Saturday, May 12, 2012
London in Creative Writing - Storm in a Teacup
The Top Hats Tea Party
The Mad Hatter and Willy Wonka would love it. They would buy some vintage Vivienne Westwood and think those are quite futuristic clothes for somebody who was somebody under Queen Victoria or in the Sixties. They would choose the clothes to match their top hats and their teacups.
They would buy some vintage candies, sold in their vintage jars at the counter. They would not eat them of course – why should they eat anything not containing any chocolate or tea? But those candies are so colourful they make you ecstatic, like chocolate and tea do. They would buy them to match their folly and their hats.

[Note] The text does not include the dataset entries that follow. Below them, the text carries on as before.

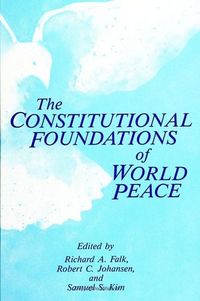 Produktbild: The Constitutional Foundations of World Peace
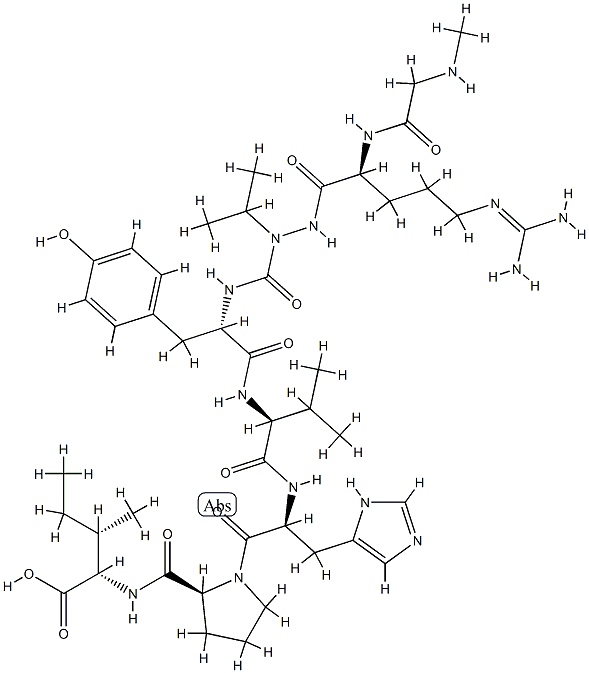 angiotensin II, Sar(1)-aza-Val(3)-Ile(8)- Struktur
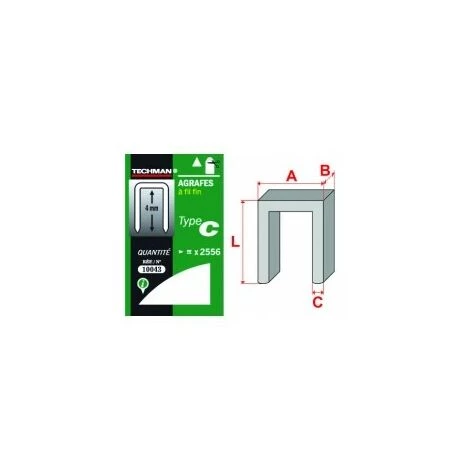 OUTIFRANCE Agrafes Fil Fin Type C 8Mm 3 OUTIFRANCE Agrafes Fil Fin Type C 8Mm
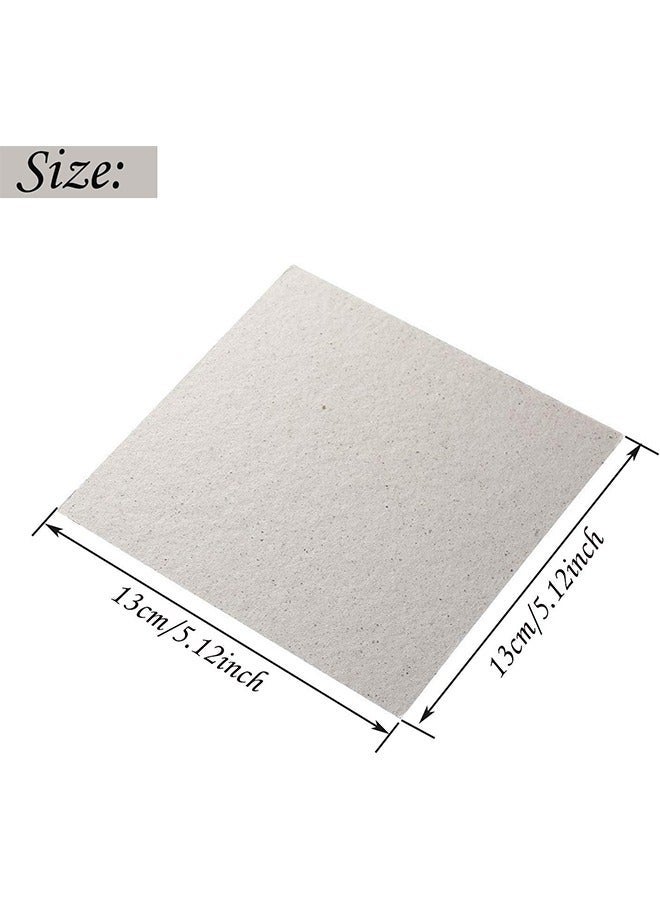 اتش واي 6 قطع غطاء الدليل الموجي لوحات الميكا صفائح العزل الحراري مجلس فرن الميكروويف إصلاح الجزء 5.1x 5.1 بوصة للاستخدام فرن الميكروويف العالمي - Image 2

Then they would sit in the back garden, the one you can see from the window at the back of the shop, one on the chair and one on the sofa, they would have their tea and their chocolate and they would talk about what those people always talk about. And they would be really proud of their hats and their vintage candies… what’s a mad tea party without them anyway?